» Directions for this task:
From the entries below, return only the lines starting at the one that contains "キャンディ・ポップ CANDY POP" and ending at the one that contains "Image de l'article: Tarifs", exactly as they stand.

» Listed records:
<<<<
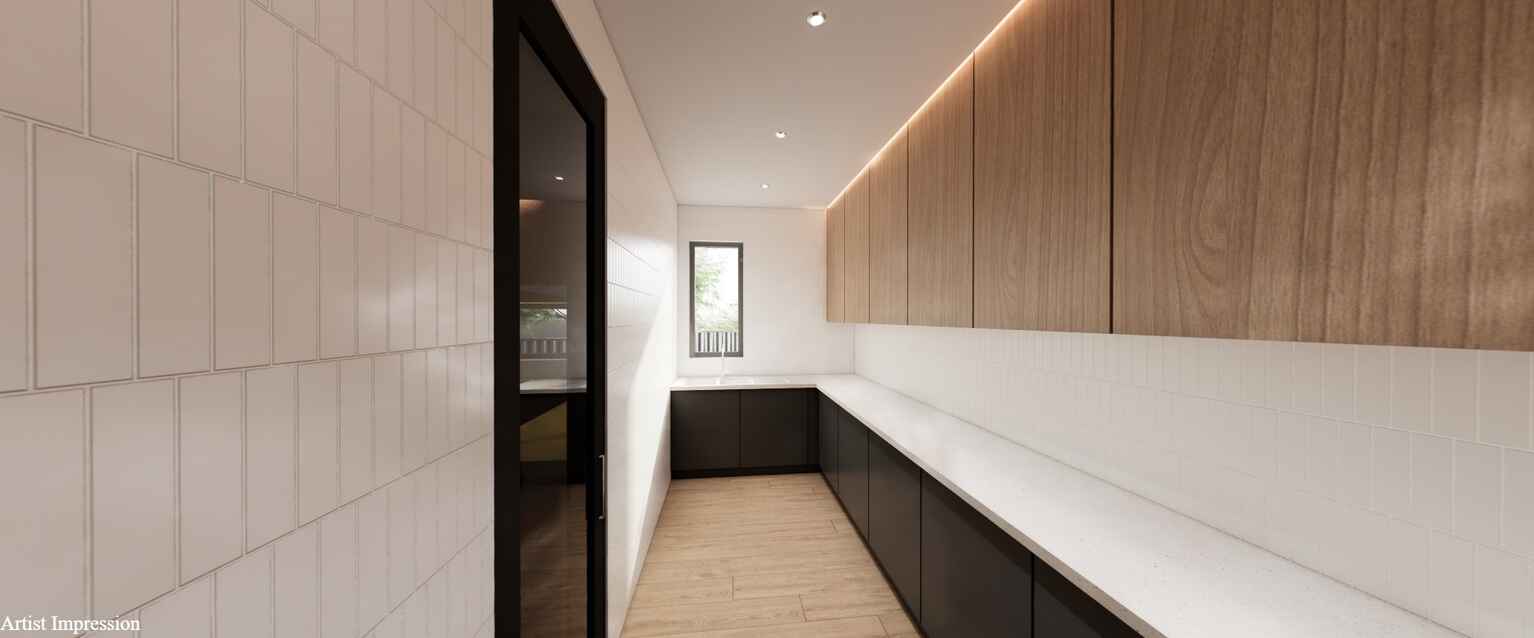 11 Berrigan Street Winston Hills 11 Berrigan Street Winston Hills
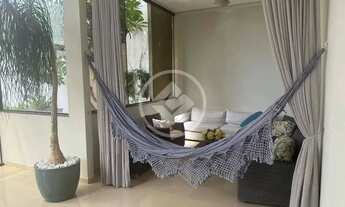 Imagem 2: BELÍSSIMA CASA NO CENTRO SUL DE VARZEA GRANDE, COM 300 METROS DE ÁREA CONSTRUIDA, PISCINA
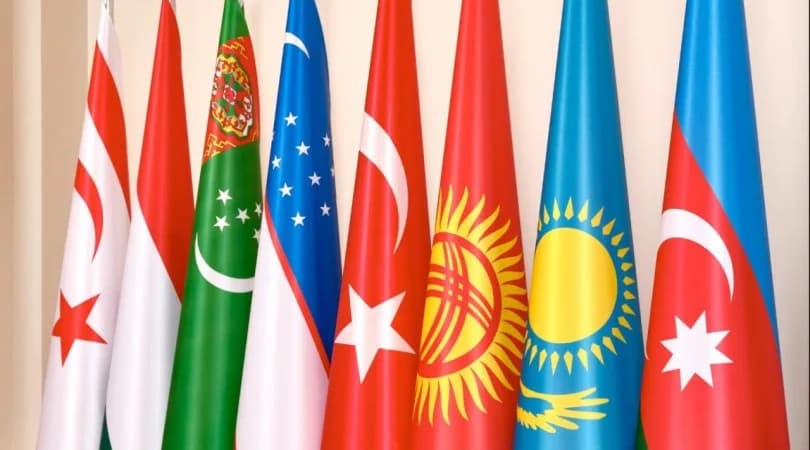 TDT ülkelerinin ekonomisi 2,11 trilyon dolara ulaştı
>>>>
<<<<
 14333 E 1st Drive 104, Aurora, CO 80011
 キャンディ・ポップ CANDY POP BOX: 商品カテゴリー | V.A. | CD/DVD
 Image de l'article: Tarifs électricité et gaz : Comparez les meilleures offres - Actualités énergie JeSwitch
>>>>
» Exercise answer:
 キャンディ・ポップ CANDY POP BOX: 商品カテゴリー | V.A. | CD/DVD
 Image de l'article: Tarifs électricité et gaz : Comparez les meilleures offres - Actualités énergie JeSwitch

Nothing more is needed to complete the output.